Data in this exercise:
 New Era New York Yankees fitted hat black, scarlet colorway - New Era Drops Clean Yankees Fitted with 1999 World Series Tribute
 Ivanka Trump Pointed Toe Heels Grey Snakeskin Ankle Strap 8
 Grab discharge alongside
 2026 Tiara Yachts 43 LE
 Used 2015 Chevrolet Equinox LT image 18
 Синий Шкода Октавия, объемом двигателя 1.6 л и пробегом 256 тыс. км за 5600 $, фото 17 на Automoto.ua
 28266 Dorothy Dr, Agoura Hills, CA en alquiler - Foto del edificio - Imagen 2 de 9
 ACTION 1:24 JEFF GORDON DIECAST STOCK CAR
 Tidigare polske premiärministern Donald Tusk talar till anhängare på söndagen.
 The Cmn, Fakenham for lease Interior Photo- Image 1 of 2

What you are asked to do: Find "2026 Tiara Yachts 43 LE" in the records above. Repeat its line and every later line exactly, through the last one.

Result for this exercise:
 2026 Tiara Yachts 43 LE
 Used 2015 Chevrolet Equinox LT image 18
 Синий Шкода Октавия, объемом двигателя 1.6 л и пробегом 256 тыс. км за 5600 $, фото 17 на Automoto.ua
 28266 Dorothy Dr, Agoura Hills, CA en alquiler - Foto del edificio - Imagen 2 de 9
 ACTION 1:24 JEFF GORDON DIECAST STOCK CAR
 Tidigare polske premiärministern Donald Tusk talar till anhängare på söndagen.
 The Cmn, Fakenham for lease Interior Photo- Image 1 of 2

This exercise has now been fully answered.